The good news is that coronavirus testing in India has been ramped up strongly this month. More than 401,000 samples have been tested from nearly 384,000 individuals until the night of April 19. This has revealed a massive spike in infections. The country now has more than 18,600 confirmed COVID-19 cases – 10x more than the 1,834 cases that were reported on April 1.
As such, it won’t be safe to say that India has flattened the novel coronavirus infection curve as the number of cases has spiked big time in the past couple of days.
This is why easing lockdown restrictions may not be a great idea, though India faces a difficult choice between restarting the economy and keeping people indoors to contain the spread. As hundreds of millions of daily wage earners in India who earn less than $2 a day sit at home, the country is now staring at a hunger crisis.
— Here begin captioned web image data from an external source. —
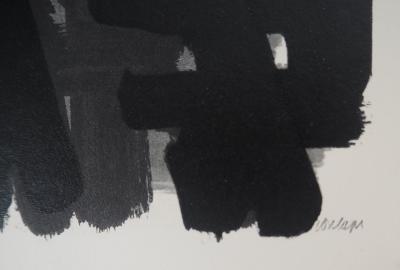 Pierre SOULAGES : Gouache 6 1957, Lithographie et pochoir signée 2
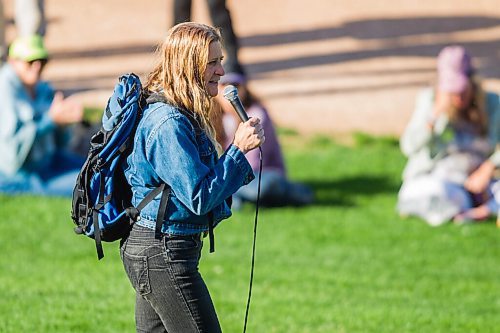 MIKAELA MACKENZIE / WINNIPEG FREE PRESS

An organizer who said she had an arrest warrent speaks at an anti-mask rally at The Forks in Winnipeg on Friday, May 28, 2021. For Temur story.
Winnipeg Free Press 2020.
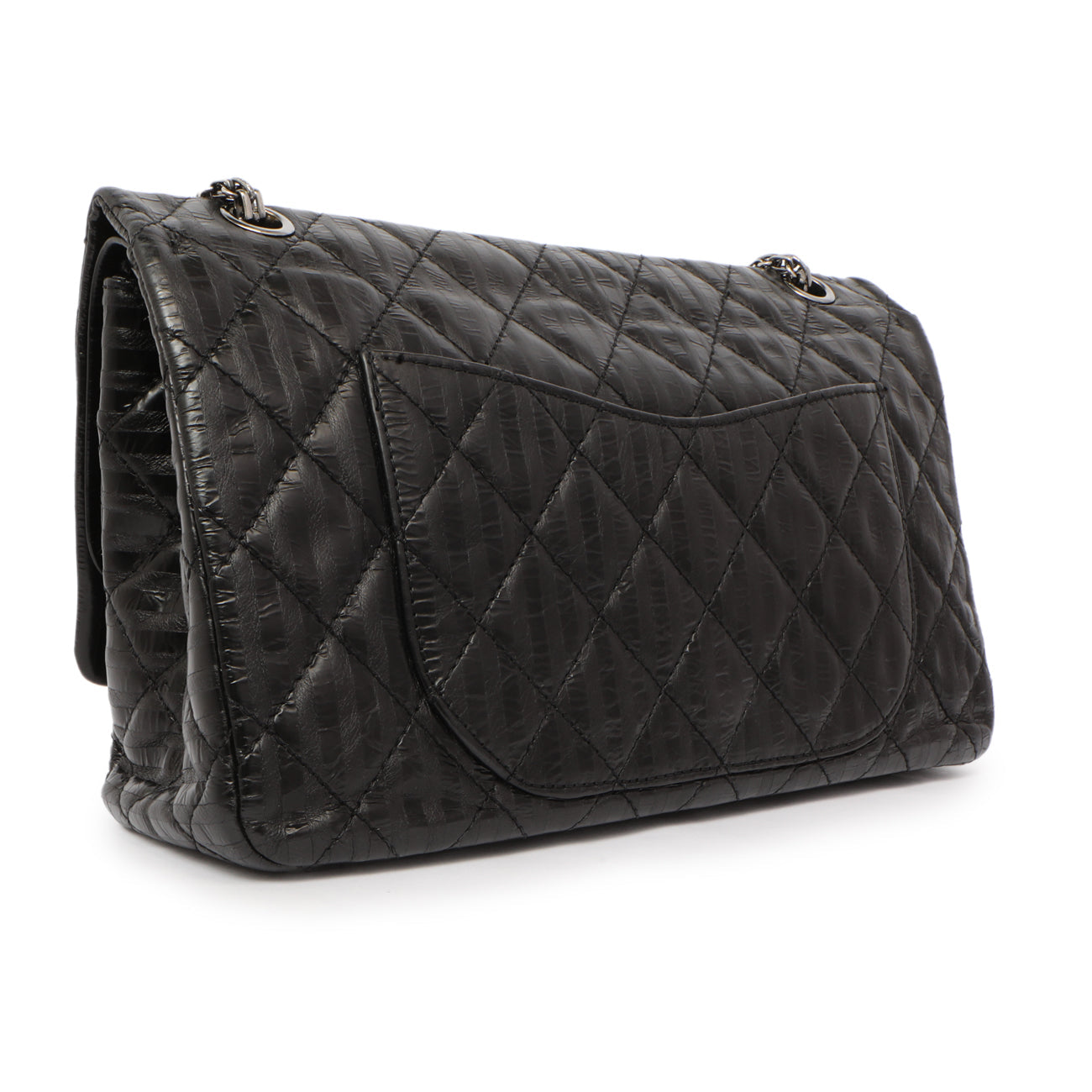 Exclusive Chanel Black Metallic Striped 2.55 Reissue Double Flap 227 — Back View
Reetika Khera, an economist at the Indian Institute of Management, told VICE News:
India is witnessing a threefold crisis: health crisis due to the epidemic, economic due to the lockdown and humanitarian because the government either didn’t realize how a large part of the population survives or knowingly is choosing to ignore their situation.
A database tracking the number of non-COVID-19 related deaths after the lockdown measures came into force last month shows a gradual increase in that number.
So, it remains to be seen how long India decides to keep its population under a lockdown. Though the government is taking steps to ensure food security by providing free meals to the needy along with cash transfers, it remains to be seen how the country manages to restart the economy and contain the spread simultaneously.